Another stroke of lightning split the darkness and I saw Ahriman’s brooding form hulking over me.
“I’ve beaten you,” he said, in that tortured whisper of his. I could barely hear him over the moaning of the storm wind.
“You’ve killed me,” I agreed.
“And them. They’ll die off soon enough, without their weapons and their energy generators.”
“No,” I said. “They will live. I’ve taught them how to survive. They have fire. They will master this world and populate the Earth.”
In the darkness I could not see the expression on his face, only the anger and hatred radiating from his red-rimmed eyes.
“I will have to strike elsewhere, then,” Ahriman muttered. “Find the weak points in the fabric of the continuum…”
It took all my strength to shake my head as I lay there in the mud. My voice was growing weaker; each breath I drew in was more difficult, more painful.

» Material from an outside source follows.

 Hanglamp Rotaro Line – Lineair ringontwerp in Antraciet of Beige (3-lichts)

“Ahriman… it won’t do you any good,” I gasped. “Each time you try… I am there… to stop you.”
For long moments he said nothing, merely standing there, looming over me like a dark, ominous destiny.

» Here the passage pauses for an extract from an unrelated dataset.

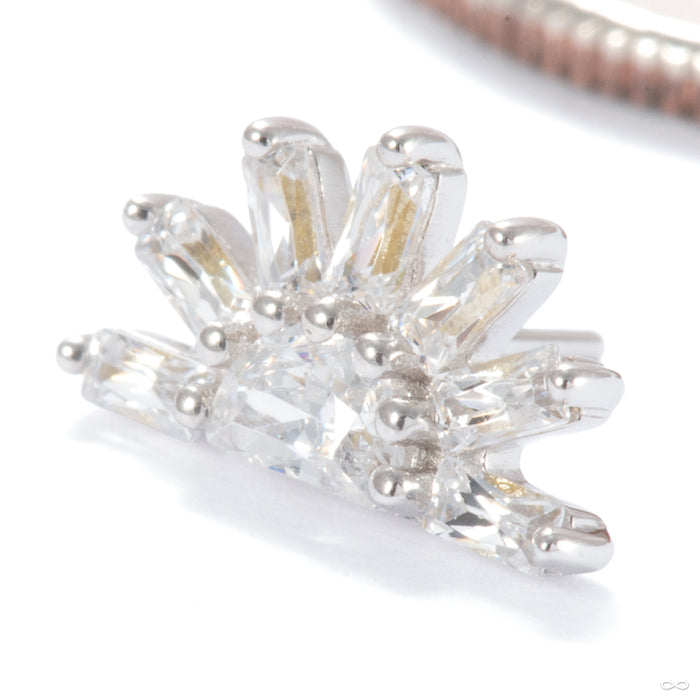 Raze Press-fit End in 14k White Gold with Clear CZ from Ember Body Jewelry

Finally: “Then we will go back to the very beginning. I will kill you for all time, Orion. And Ormazd with you.”
I wanted to laugh at him; I wanted to tell him that he was a fool. But I had no more strength left in me. I could do nothing but lie there as my blood mingled with the rain and mud and the life seeped out of my body.
Ahriman raised his powerful arms to the stormy night sky, threw his head back, and gave out a harrowing, blood-chilling, howling cry, like a beast baying at the moon. Twice, three times, he cried out, his thick blunt fingers reaching toward the black clouds that blotted out the stars.

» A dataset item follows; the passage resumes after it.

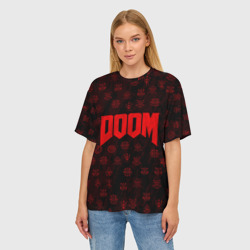 Женская футболка oversize 3D Doom Дум - фото 2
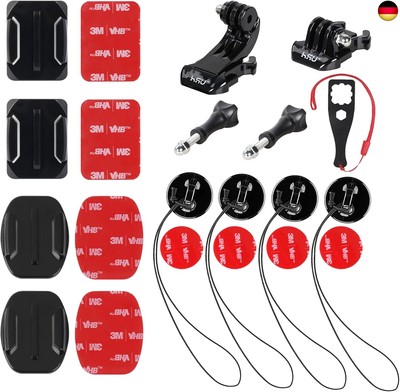 HSU Action Cam Helmhalterung für GoPro, Sicherungsband und Motorrad Halterung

Lightning strokes flickered through those clouds and then began lancing down to the ground all around us. My failing eyes widened as one bolt after another sizzled to the ground, scant yards from us, and stayed there, crackling and blistering the air around us until we were surrounded with a cage of electricity. The rain-sodden ground bubbled where the lightning danced. The sweet, burning smell of ozone filled the air.
Ahriman stood outlined against the blue-white glare of the lightning, his arms still straining upward, reaching, his baying, yowling cry the only sound I could hear over the simmering blaze of electricity.
Then a tremendous stroke of lightning shattered the world, engulfing Ahriman, turning him into a glowing demon of pure energy, overflowing onto me, screaming along every nerve in my body until there was nothing in the universe but pain.